Tracing the chain of gestures and processes, unchanged since the 4th Century BC, employed in the artisans’ craft, the film bridges past and present to explore the foundry and its workers as collaborators in the act of creation.
“We see, hear, follow and feel a symphony: editing and sound form a unique flow, imitating a unique work-process. Black and white images from long ago blend in and out with terracotta, among fifty shades of red and brown, all to end up immortalised as bronze. Taking us into the heart and soul of an historic foundry in Milan.”
- Fipresci Jury Statement
Italy, 2015, Francesco Clerici, 77 mins
Programme Notes by Christopher Turner
“In the cinema,” wrote the Italian philosopher Giorgio Agamben in his essay ‘Notes on Gesture’ (1992), “a society that has lost its gestures seeks to reappropriate what it has lost while simultaneously recording that loss.” As a universally legible language of gesture fell into disuse, Agamben contends, it was revived in the histrionic articulations of silent cinema, in the spasmodic action seen in the films of Georges Méliès or the Lumière brothers. “Gesture rather than image,” Agamben asserts, “is the cinematic element.” Both Francesco Clerici’s Il Gesto Delle Mani (Hand Gestures) and Yuri Ancarani’s Il Capo (The Chief) can be read as, in part, evocative explorations of what Agamben termed “gestural cinema”.
Ancarani’s Il Capo starts with an image of a huge block of blindingly white marble that makes an obvious allusion to the towering black monolith in Kubrick’s 2001. A mechanical digger, hidden behind it, tears the stone to the ground with its metal teeth, revealing in the process the Apuan Alps, a sublime backdrop whose peaks are drenched in mist. The camera pans back to reveal a bronzed, bare-chested man, dwarfed by both the destructive machines and impressive lunar landscape. He is a tiny figure against the huge cliffs of Carrara marble, a million tons of which are hewn from these Tuscan mountains each year. The prized material is from the same milky seam that adorns the Pantheon and Trajan’s column, Michelangelo’s David and Marble Arch.

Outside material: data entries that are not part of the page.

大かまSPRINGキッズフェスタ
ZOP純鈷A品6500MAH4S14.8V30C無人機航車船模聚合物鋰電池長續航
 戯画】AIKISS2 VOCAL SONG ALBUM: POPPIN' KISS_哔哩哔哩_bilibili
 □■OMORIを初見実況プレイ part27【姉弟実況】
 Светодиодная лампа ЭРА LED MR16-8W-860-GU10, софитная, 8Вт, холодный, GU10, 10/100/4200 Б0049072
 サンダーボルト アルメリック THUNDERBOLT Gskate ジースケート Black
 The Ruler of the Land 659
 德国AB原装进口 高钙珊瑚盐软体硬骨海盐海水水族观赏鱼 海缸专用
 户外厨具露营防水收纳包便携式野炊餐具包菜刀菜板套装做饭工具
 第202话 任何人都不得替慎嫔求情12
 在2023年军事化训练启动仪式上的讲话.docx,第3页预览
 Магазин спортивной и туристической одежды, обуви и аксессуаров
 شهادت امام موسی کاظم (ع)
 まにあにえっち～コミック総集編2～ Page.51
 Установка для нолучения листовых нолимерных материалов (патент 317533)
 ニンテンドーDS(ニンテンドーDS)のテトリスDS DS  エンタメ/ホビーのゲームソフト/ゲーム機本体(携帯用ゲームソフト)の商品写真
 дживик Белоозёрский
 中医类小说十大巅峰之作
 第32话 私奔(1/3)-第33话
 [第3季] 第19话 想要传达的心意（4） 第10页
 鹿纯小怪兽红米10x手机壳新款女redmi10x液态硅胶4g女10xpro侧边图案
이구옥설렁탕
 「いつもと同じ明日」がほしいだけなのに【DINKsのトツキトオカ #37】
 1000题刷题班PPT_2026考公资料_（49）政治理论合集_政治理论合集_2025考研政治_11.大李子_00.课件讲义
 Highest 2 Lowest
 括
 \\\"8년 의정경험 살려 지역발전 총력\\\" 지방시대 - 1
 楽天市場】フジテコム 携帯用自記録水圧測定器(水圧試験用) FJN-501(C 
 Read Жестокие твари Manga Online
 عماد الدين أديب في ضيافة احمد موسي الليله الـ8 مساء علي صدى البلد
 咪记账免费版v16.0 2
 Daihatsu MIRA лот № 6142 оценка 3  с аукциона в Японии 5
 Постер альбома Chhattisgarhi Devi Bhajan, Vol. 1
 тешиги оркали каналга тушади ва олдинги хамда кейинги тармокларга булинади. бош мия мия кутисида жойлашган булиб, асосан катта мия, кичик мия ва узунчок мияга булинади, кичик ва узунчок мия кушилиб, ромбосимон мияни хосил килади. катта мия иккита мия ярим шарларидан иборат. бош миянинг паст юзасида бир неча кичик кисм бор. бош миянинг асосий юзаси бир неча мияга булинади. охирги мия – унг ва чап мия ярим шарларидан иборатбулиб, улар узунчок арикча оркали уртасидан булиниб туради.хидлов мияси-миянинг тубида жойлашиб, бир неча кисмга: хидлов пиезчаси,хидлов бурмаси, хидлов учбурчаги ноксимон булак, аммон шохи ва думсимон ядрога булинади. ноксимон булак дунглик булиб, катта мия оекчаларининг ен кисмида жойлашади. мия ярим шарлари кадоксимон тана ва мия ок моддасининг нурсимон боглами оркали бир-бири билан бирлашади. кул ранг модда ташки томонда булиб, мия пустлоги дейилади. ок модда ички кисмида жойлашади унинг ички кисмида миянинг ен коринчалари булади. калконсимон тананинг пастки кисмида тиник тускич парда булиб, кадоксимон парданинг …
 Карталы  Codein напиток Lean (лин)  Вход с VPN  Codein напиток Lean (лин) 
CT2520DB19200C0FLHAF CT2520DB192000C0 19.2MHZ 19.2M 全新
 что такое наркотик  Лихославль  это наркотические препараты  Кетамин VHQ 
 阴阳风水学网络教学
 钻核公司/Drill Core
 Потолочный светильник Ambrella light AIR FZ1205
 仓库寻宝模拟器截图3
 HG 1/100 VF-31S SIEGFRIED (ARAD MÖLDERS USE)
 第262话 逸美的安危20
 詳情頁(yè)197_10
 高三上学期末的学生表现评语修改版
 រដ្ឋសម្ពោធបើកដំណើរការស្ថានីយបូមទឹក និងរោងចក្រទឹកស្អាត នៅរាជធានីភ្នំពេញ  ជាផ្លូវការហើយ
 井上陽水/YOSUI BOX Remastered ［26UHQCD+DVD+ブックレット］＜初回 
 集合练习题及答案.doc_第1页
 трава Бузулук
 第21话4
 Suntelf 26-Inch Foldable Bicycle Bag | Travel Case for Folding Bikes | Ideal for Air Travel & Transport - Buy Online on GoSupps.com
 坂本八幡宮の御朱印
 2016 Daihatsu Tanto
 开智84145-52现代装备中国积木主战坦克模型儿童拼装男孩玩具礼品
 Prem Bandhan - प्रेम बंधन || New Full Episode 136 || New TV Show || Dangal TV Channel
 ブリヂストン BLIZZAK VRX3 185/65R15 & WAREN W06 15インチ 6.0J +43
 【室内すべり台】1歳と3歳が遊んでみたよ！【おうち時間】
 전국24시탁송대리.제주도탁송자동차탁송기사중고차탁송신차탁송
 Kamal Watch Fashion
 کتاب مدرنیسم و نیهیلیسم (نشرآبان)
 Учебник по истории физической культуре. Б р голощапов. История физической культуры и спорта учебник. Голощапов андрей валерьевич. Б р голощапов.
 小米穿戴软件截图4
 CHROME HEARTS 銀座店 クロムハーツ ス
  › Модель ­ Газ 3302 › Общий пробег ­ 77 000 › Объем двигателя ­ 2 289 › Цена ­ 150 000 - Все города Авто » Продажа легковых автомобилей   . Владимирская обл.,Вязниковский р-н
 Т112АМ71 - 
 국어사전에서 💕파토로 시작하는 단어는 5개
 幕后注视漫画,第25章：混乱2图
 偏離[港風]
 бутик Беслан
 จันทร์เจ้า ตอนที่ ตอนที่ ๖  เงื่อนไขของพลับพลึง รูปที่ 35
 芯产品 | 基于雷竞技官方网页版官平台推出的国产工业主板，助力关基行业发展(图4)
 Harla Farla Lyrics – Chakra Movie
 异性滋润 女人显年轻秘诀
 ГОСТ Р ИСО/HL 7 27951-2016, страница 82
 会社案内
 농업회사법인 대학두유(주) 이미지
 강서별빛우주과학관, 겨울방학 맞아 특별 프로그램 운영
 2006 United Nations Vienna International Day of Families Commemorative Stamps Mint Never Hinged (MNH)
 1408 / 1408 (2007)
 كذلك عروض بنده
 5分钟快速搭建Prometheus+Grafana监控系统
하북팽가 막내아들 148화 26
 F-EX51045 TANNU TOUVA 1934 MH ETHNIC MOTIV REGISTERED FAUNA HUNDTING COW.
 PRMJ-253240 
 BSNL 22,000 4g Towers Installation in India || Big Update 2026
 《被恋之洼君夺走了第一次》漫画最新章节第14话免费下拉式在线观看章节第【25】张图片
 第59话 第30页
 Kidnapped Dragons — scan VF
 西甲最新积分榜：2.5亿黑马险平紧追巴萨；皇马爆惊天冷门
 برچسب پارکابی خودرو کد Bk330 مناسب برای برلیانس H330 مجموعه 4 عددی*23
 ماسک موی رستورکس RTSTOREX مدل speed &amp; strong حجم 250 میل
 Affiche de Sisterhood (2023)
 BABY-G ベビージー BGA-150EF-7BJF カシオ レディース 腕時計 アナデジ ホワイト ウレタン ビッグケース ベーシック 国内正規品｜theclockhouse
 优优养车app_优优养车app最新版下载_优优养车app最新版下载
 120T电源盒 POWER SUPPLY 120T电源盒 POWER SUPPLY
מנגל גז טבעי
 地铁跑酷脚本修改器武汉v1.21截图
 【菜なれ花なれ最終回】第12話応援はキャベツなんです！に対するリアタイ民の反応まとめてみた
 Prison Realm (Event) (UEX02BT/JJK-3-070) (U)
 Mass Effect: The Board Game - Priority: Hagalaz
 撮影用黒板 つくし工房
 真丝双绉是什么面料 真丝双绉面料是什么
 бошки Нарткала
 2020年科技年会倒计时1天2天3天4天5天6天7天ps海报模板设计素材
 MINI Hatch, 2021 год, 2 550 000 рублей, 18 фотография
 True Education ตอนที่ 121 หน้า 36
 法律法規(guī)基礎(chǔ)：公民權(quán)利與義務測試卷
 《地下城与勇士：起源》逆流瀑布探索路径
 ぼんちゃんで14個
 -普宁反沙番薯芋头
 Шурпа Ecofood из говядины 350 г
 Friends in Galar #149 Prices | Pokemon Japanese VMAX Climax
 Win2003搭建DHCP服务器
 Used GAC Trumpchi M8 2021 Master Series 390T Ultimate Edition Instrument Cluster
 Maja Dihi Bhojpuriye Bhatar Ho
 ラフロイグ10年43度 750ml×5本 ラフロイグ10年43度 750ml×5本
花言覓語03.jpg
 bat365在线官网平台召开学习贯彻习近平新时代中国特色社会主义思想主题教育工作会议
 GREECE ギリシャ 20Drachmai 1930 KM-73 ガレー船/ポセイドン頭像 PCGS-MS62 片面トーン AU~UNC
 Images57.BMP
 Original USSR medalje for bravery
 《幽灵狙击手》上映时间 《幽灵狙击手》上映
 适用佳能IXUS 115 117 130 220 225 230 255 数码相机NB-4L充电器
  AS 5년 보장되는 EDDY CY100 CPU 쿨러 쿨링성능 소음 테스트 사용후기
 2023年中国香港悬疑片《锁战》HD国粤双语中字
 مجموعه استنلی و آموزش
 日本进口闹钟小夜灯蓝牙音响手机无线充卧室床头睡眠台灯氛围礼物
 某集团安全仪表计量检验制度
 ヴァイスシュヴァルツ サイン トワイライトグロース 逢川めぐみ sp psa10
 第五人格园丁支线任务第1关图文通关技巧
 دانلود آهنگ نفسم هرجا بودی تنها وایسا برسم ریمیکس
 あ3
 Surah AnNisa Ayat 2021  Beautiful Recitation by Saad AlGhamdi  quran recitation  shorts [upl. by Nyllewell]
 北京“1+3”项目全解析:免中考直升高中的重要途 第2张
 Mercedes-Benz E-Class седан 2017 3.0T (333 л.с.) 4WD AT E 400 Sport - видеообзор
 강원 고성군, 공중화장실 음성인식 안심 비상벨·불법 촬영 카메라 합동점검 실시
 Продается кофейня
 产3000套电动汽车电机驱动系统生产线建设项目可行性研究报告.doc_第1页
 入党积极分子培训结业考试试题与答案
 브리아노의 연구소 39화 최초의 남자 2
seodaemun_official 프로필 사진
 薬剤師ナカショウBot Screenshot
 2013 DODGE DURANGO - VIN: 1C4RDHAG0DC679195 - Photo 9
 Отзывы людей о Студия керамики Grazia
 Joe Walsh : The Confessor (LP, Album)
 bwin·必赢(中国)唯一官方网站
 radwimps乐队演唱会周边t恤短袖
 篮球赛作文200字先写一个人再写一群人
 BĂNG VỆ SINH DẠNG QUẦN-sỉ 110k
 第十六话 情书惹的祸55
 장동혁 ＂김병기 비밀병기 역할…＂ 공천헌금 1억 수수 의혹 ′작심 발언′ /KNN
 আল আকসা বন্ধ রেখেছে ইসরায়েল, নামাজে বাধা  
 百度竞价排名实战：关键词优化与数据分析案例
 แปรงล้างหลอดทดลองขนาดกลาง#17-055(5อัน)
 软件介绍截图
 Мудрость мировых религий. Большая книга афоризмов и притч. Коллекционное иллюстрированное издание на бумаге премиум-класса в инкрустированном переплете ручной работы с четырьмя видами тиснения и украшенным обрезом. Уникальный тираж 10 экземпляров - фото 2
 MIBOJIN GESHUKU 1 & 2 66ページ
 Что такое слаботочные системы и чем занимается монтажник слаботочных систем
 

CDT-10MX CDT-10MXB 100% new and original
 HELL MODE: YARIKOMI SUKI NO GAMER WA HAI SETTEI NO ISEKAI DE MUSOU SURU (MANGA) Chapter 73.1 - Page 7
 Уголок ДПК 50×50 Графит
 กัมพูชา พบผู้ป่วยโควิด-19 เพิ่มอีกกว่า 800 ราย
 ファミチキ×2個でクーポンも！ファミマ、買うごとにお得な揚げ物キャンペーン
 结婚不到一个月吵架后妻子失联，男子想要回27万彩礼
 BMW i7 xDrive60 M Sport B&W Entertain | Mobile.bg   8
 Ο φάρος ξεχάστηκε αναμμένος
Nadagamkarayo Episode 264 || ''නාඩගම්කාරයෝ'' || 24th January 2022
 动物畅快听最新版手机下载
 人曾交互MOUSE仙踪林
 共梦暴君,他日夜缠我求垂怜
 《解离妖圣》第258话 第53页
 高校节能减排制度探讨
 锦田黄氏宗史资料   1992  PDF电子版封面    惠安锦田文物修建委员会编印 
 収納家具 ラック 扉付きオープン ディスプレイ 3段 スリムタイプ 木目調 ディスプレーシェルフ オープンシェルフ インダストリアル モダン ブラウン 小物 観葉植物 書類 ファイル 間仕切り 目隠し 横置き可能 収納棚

The Chief, as the foreman is known, delicately and efficiently conducts the mechanical ballet using a precise, non-verbal code. The short film – one of a trilogy that explores the beautiful choreography of labour – is without words: the camera records, over the deafening noise, the mute expressiveness of his classical gestures. With his hands – one missing a digit, testament to the dangerous work – he waves, beckons and guides the diggers, closing each movement with a clenched fist. The film gives a poetic monumentality to the hard draft of the quarryman. It ends with a close-up of his craggy face and a floating shot that drifts up the mountainside, which is scuffed with greenery the colour of his eyes, the peak topped with a cross that echoes the one around his neck.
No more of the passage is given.